Schools face a “headache” in light of a general election – especially if they face a “double closure” with the local elections next month, the National Association of Head Teachers (NAHT) has said.
This morning, prime minister Theresa May called a snap election for 8 June, citing the need for “strong and stable leadership” during the Brexit process.
Russell Hobby, general secretary of the NAHT, said: “It is a day of education lost. It will probably be slightly irritating that they may have already had to close for some of the local council elections.”
Schools need a reasonable amount of notice to prepare - especially if they have events or extra curriculum activities planned.
June 8th. So schools that are polling stations are having to close at short notice. Great. Was it so hard to wait until September?— gillian pearce (@gillpea) April 18, 2017
Mr Hobby added: “It is just another organisational headache for schools.They will have to get notifications out pretty quickly.”
It is often primary schools that are used as polling stations, but some concern has been raised that secondaries – which have GCSEs, AS and A-levels taking place that day – could face also disruption:
June 8th is bang in the middle of exams, what happens to people whose schools are polling stations? This is a bit of a mess— :D (@2quidhmk) April 18, 2017
Wait a minute - isn't June when the schools sit their exams? The polling booths will have to be set up in the car-parks then. #Election— Sharon Owens (@SOwensWriter) April 18, 2017
Malcolm Trobe, deputy general secretary of the Association of School and College Leaders (ASCL), said: "It is potentially incovenient as it is happening at exam time. However, it is a time when not all the students are in school because of examinations."
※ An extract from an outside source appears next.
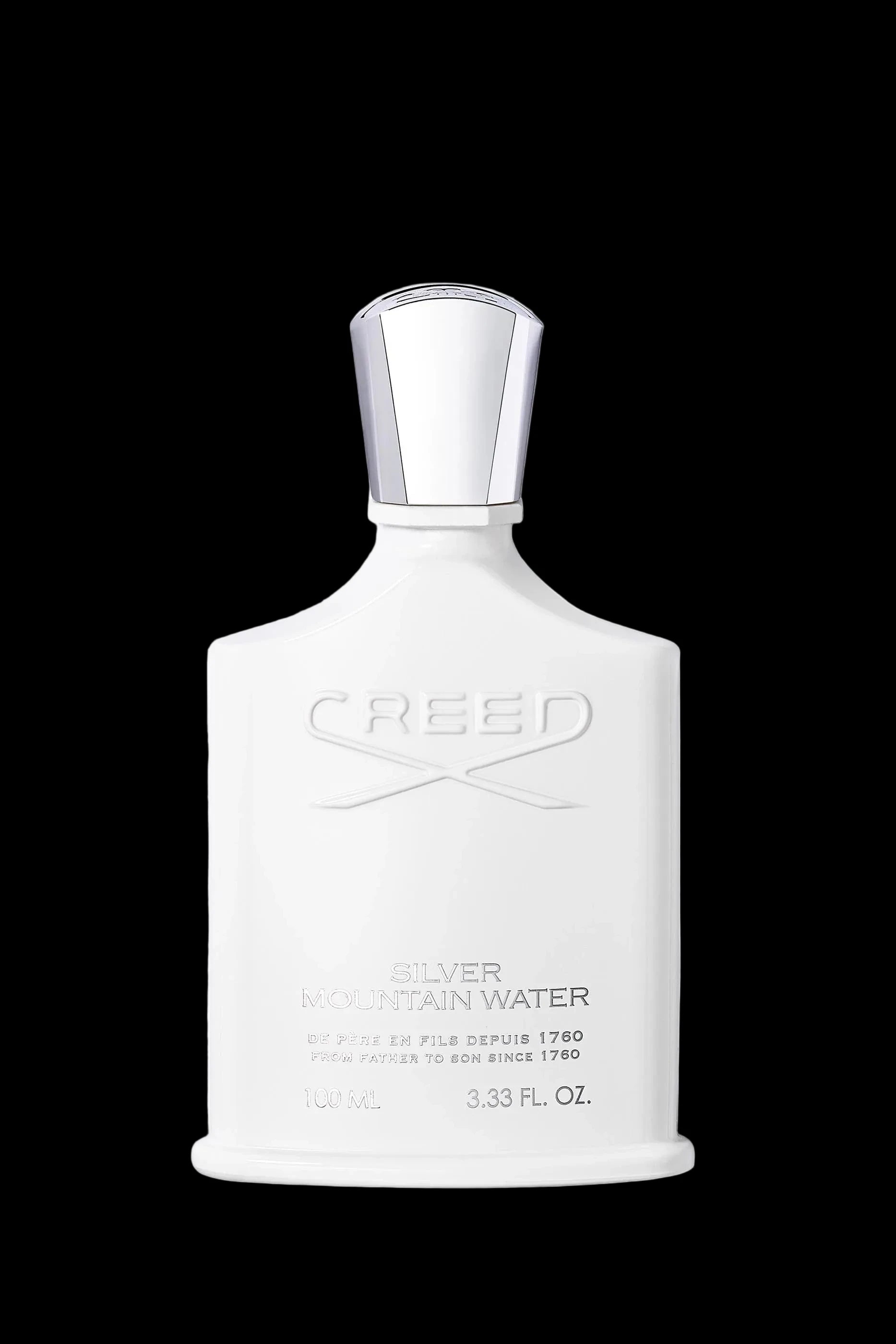 Creed Silver Mountain Water EDP - 100ML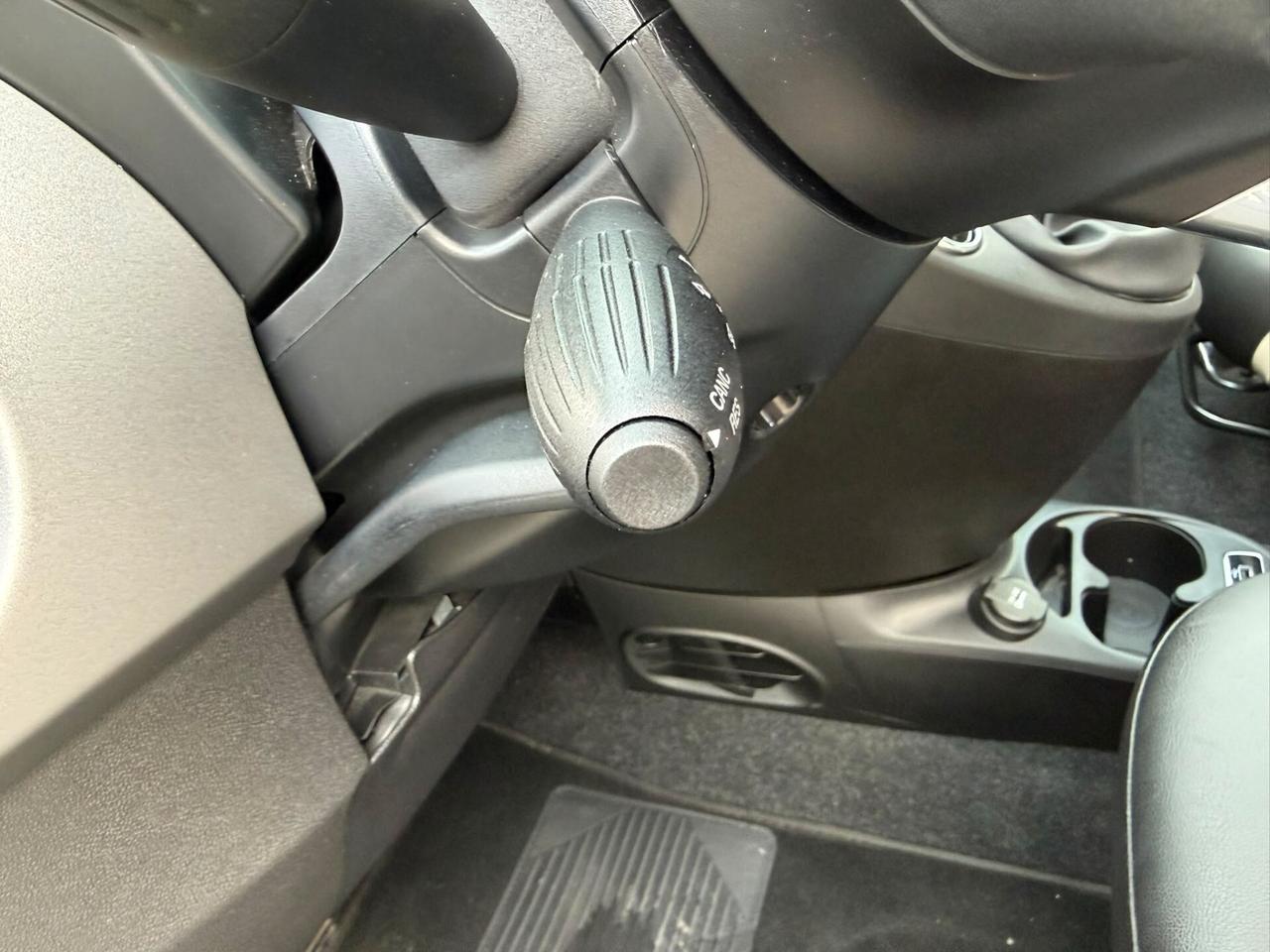 FIAT 500 1.0 HYBRID LOUNGE "PARI AL NUOVO"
On Thursday June 8, students will sit GCSE exams in maths, economics and psychology. And sixth-formers will sit a number of exams - including government and politics.
If used as polling stations, secondary schools will close off a small area away from the exams, Mr Trobe said.
He added: "It is more of an inconvenience for primary schools as they would normally make it a staff training day but there is not enough time to do this now."